Jeff Barnes | 29 October 2013
One of the main disruptions to the country when we get severe weather incidents is travel, and this represents a significant challenge to a business like QA. Here’s how we prepared for the St Jude’s Day storm.
Around lunchtime on Sunday the 27 th of October it became obvious that the fiercest storm for over 15 years was going hit the southern half of the UK over the next 24 hours. Unlike the one in '87 at least the Met Office gave us a clear warning that we were going to suffer. Of course, one of the main disruptions to the country when we get these severe weather incidents is travel and this represents a significant challenge to a business like QA. To give you an indication of the size of this challenge, here are a few stats regarding the QA courses scheduled to start on Monday the 28 th.
- There were 328 training events scheduled to start on the Monday morning
- These were across 149 sites; 28 QA offices and 121 at customer premises
- Almost 2,000 people were booked onto these courses
Our customers had received their course attendance instructions some time ago and they would be looking forward to their events so we needed to ensure that we kept this delivery on track. The first decision taken on the Sunday was to add an extra 30 minutes to the start time of the events so that we could allow for a little more travel time. We communicated this through e-mail and SMS messages to our delegates and also on the QA website, Twitter feed and Facebook page.
From around 5.30am on the morning of the 28 th , the QA Operations team were already in full swing communicating with the trainers and administration staff who were suffering transport problems, many of whom were stood on railway platforms waiting in vain for cancelled trains to arrive.

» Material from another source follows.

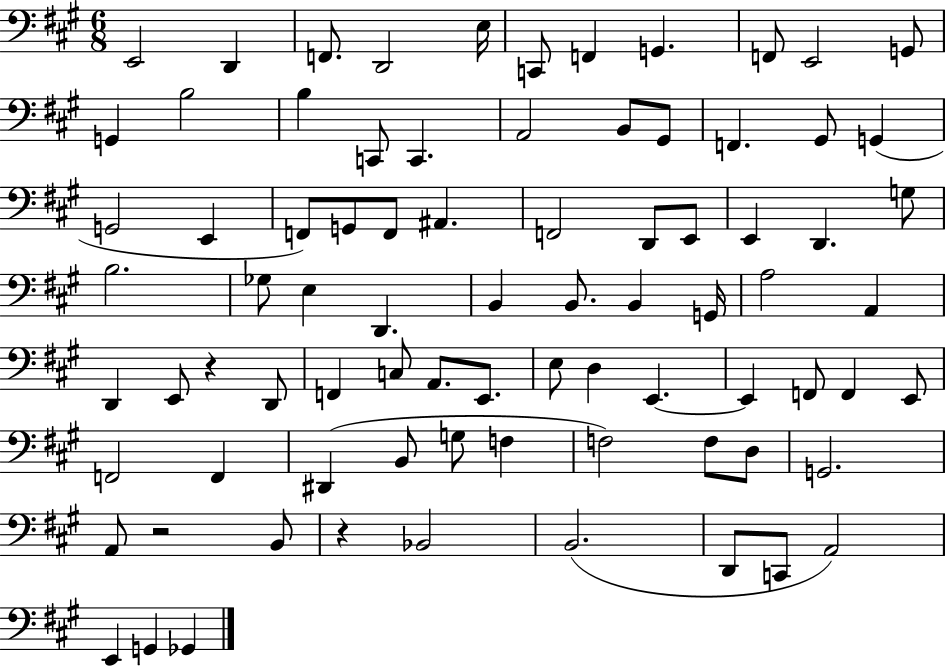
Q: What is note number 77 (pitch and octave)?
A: G2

We needed to get the team to their courses so we starting booking taxi journeys for individuals who were not in a position to revert to their own personal vehicles.

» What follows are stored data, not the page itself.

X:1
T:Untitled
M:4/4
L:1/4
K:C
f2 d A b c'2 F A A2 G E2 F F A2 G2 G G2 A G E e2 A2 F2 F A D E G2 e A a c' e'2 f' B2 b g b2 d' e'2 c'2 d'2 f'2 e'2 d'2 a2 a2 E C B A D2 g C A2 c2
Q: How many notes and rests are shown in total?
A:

Meanwhile, at the QA offices, course attendees were starting to arrive and the training centre management team ensured that they were made aware of the situation and additional coffee and refreshments were on hand for those waiting for their events to start.
It is often said that people perform at their best in a crisis and while I would be happy to wait another 15 years for another storm of this size, I am both amazed and proud to say that QA did not cancel any of the 328 courses we scheduled and we didn't let any of our 2,000 customers down. It was a pretty hectic 24 hours in the life of QA but the efforts were well worth it.